The loss is a number. The honest test is to let the model write, and read what comes out. Generation is the loop from Part 1: predict the next character, sample one from the model’s confidences, append it, feed the growing text back in, and repeat. Here is a real 400-character sample, unedited:

 te heaide qus t, s jesong ant gete Aln suhoke thengplils haso t ber
 wonor re finrhese t whekeno, ayouthe ghem. ok! cbe ureum!
 lrider, tergrsnoumpend weanor.

Wowol cotherentosas, bo aisth?
Afaste fe t wiongshe
cuced stis ite
Ibhen, Rk ve sain
I l ofocollin.

! n whe Alede s to s opo ay ithey be t lely tathat Alit hero fithe y, ts icle.
les she sarye, dswAlerof anore s I aw iryorly.

It is gibberish. It is also, clearly, gibberish that has learned English. The word lengths are right. The letter combinations are ones English uses. There are real words in there, “she”, “to”, “be”, “hero”, “anore” reaching for “another”, and shadows of the source text: “Aln”, “Alede”, “Alit” are the model grasping at “Alice”. It has learned to open a line, put spaces where words end, and even scatter a bit of punctuation. It writes the way you write in a dream, where every word looks right until you try to read it.

Compare that to where we started in Part 1, the counting model that could see one letter back. Both produce nonsense, but they fail differently. The bigram wandered because it forgot everything older than the last character. This one does not forget: it has 128 characters of context and attention to search them. What it lacks is not memory but scale. It is a two-layer model with a few tens of thousands of weights, trained for a few minutes on one short book.
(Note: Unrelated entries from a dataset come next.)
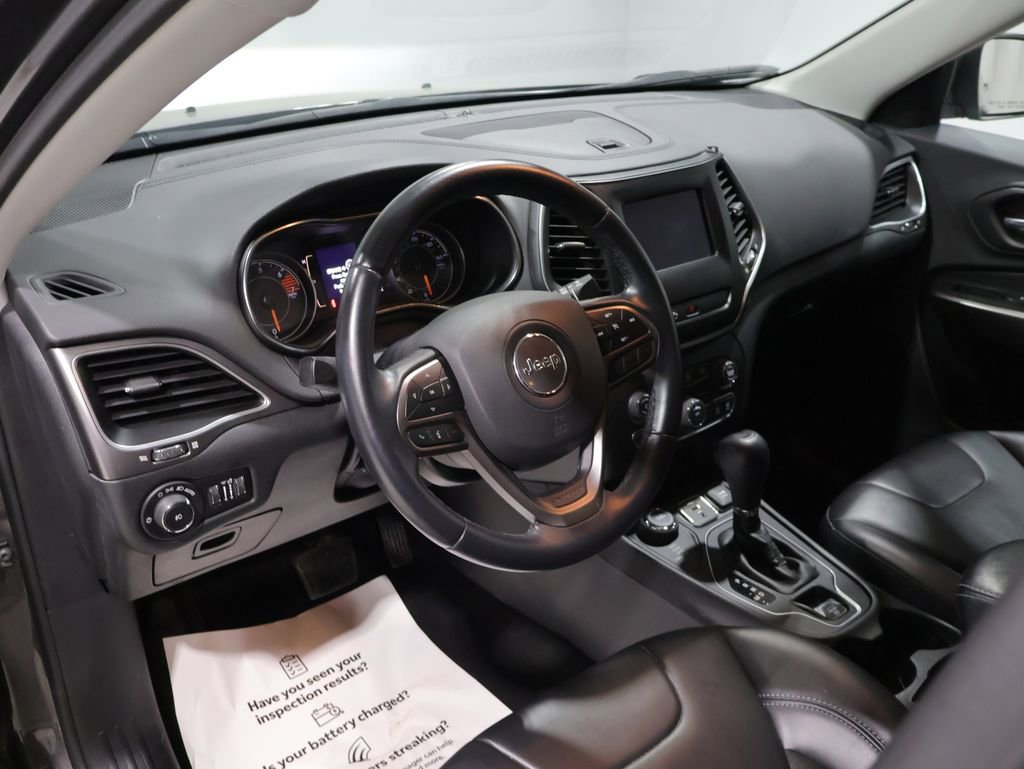 Used 2019 Jeep Cherokee Latitude Plus AWD/4WD image 15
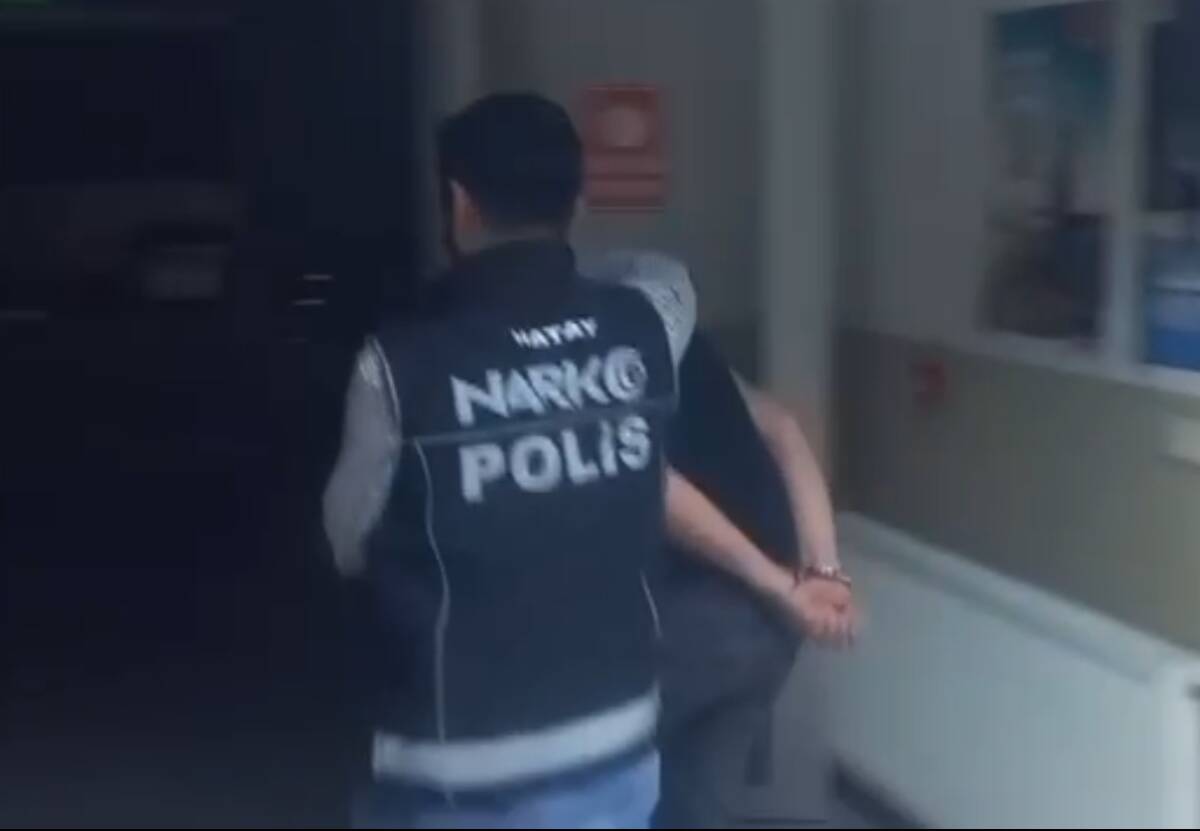 Hatay Emniyet Müdürlüğü ekipleri, kent genelinde aranan şahısların yakalanmasına yönelik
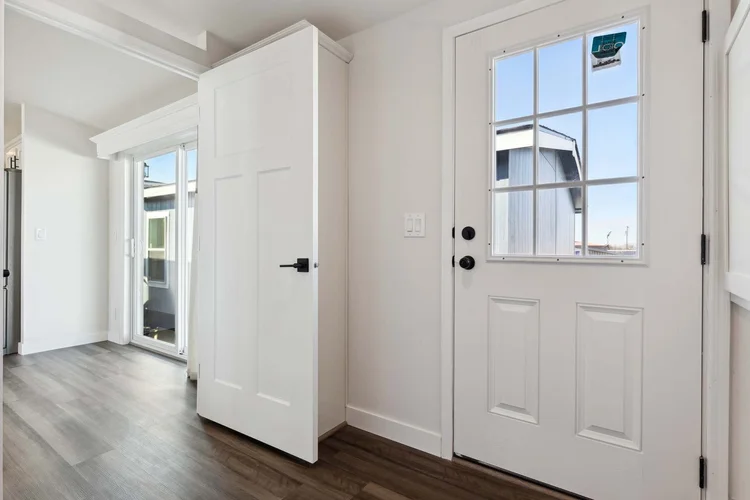 Hillcrest G821 photo 10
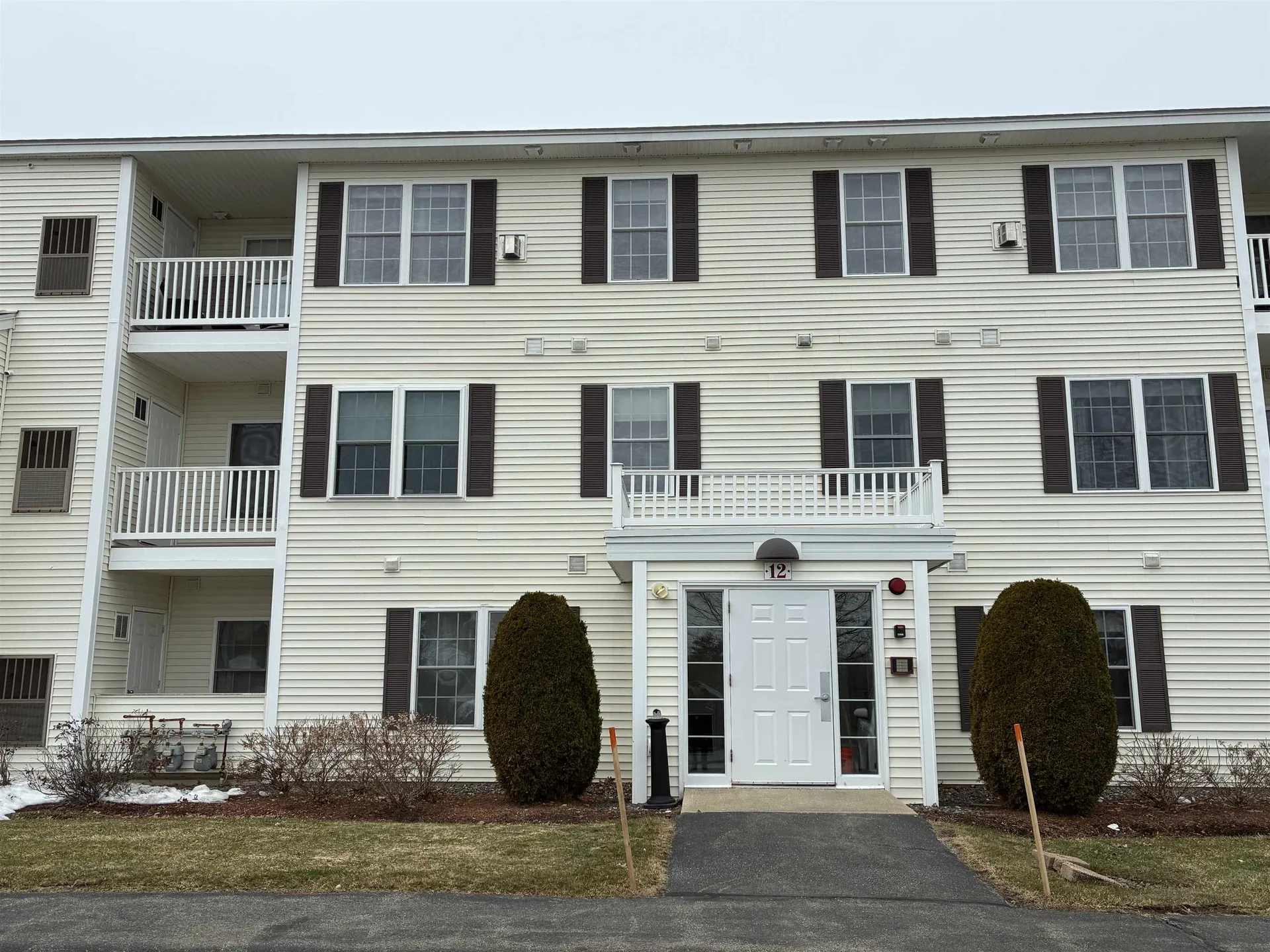 12 Vista Ridge Drive Londonderry NH 03053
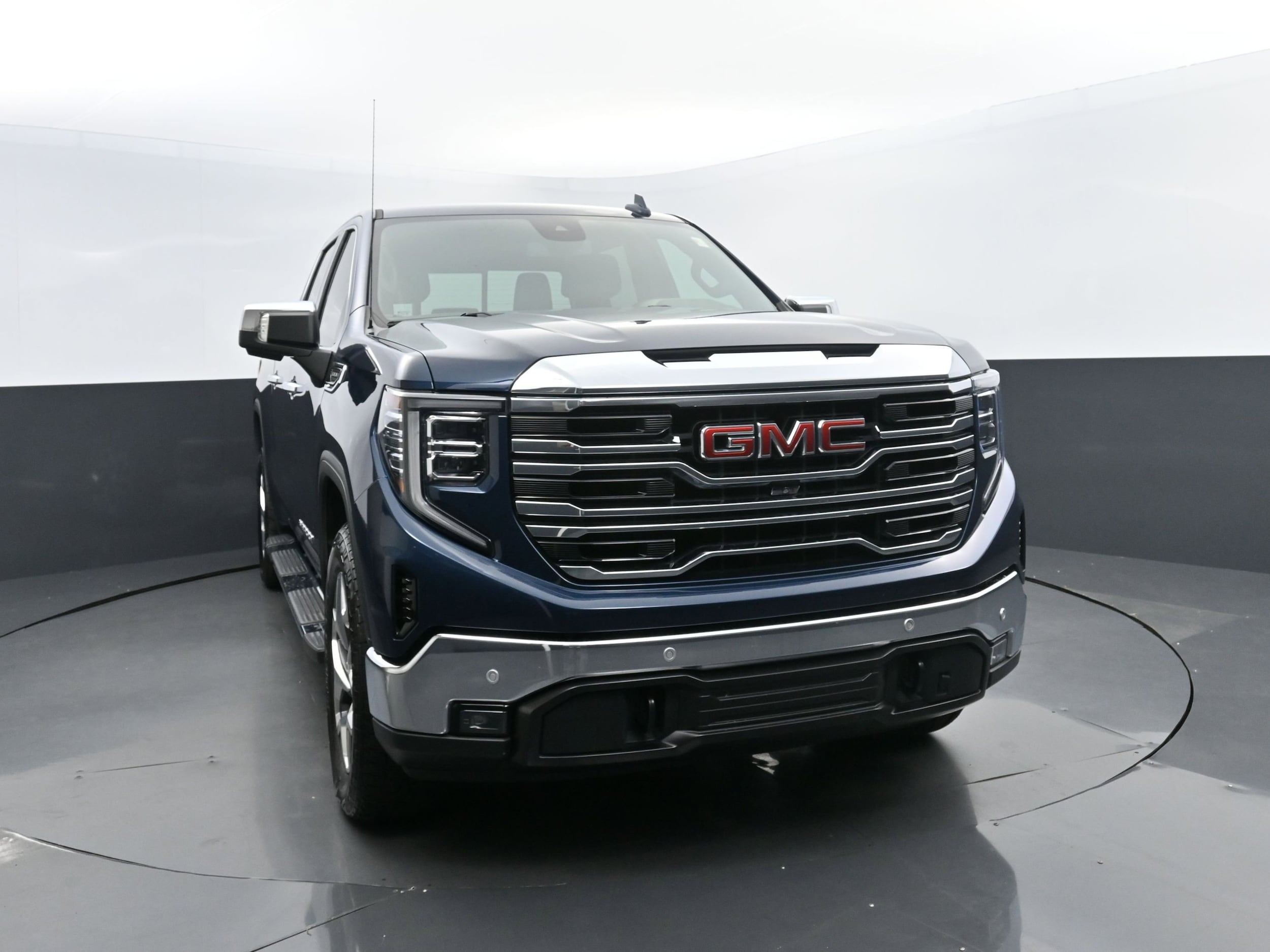 Used 2023 GMC Sierra 1500 SLT with VIN 3GTUUDED0PG227414 for sale in Cary, NC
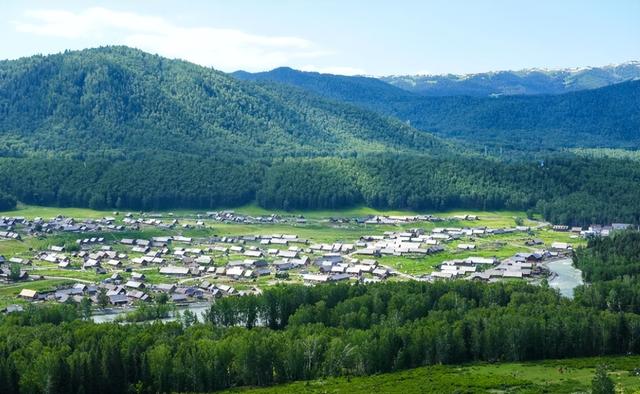 新疆与俄罗斯交界有个县，出了三个世界级景点，风景绝美不输瑞士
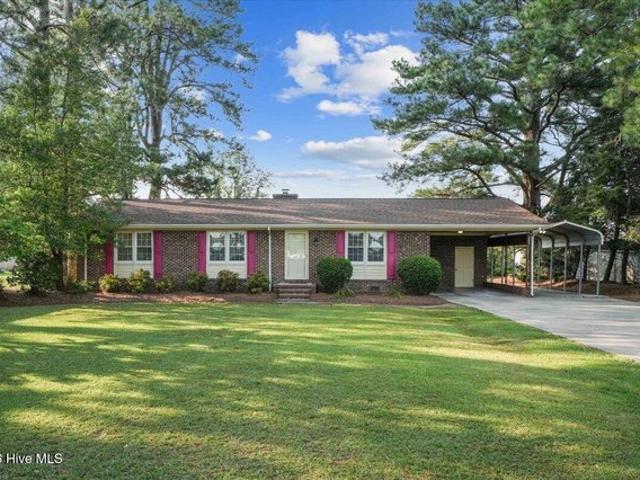 House for sale in Pikeville, North Carolina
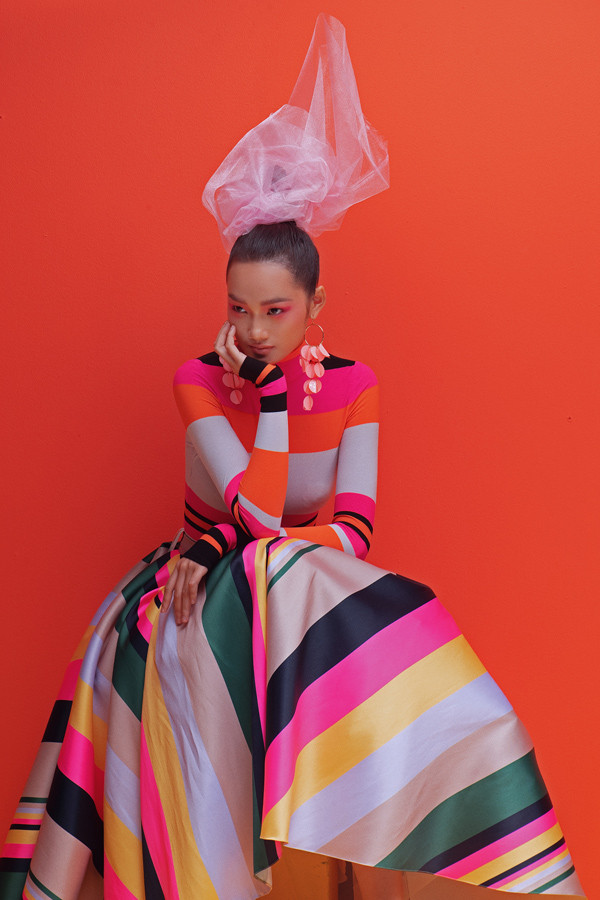 Bên cạnh váy áo dựng form, những bộ đầm mềm mại, bồng bềnh theo từng bước chân cũng góp phần đem tới nét sống động. Bên cạnh váy áo dựng form, những bộ đầm mềm mại, bồng bềnh theo từng bước chân cũng góp phần đem tới nét sống động.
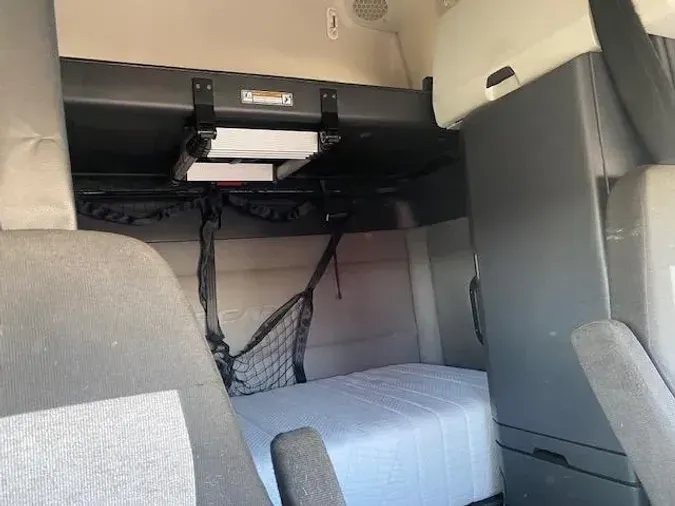 2020 Freightliner Cascadiabf0c63cdcc4b6f0a1f620876d2f254cd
The only thing that changes

And that is the honest ending, the one worth sitting with. The difference between this program and the model behind Claude or GPT is not a difference of kind. It is the same next-character question, the same loss, the same gradient descent, the same attention we built by hand in Part 4, the same autograd engine from Part 3 checking its own slopes against reality. Everything essential is in the roughly twelve hundred lines of Go you can now read end to end.

What separates our dreaming toy from a system that writes working code is scale, and nothing else conceptually. More layers. Wider vectors. A context window of hundreds of thousands of characters instead of 128. Tokens that are word-pieces instead of single letters. Training not on one book for minutes but on much of the written internet for months, across thousands of GPUs. Every one of those is an engineering problem of size, not a new idea. The idea is the one you have now built and watched run.

That is what a large language model is. It is this, made enormous. There is no separate secret. The machine that surprised the world by writing is, at its core, a next-letter guesser that got very, very big, and you have just built the small version with your own hands.

The complete, working code is at github.com/erubboli/go-tiny-llm: a character-level transformer in Go, standard library only, small enough to read in an afternoon. Clone it, change a constant, feed it your own text, and watch it dream.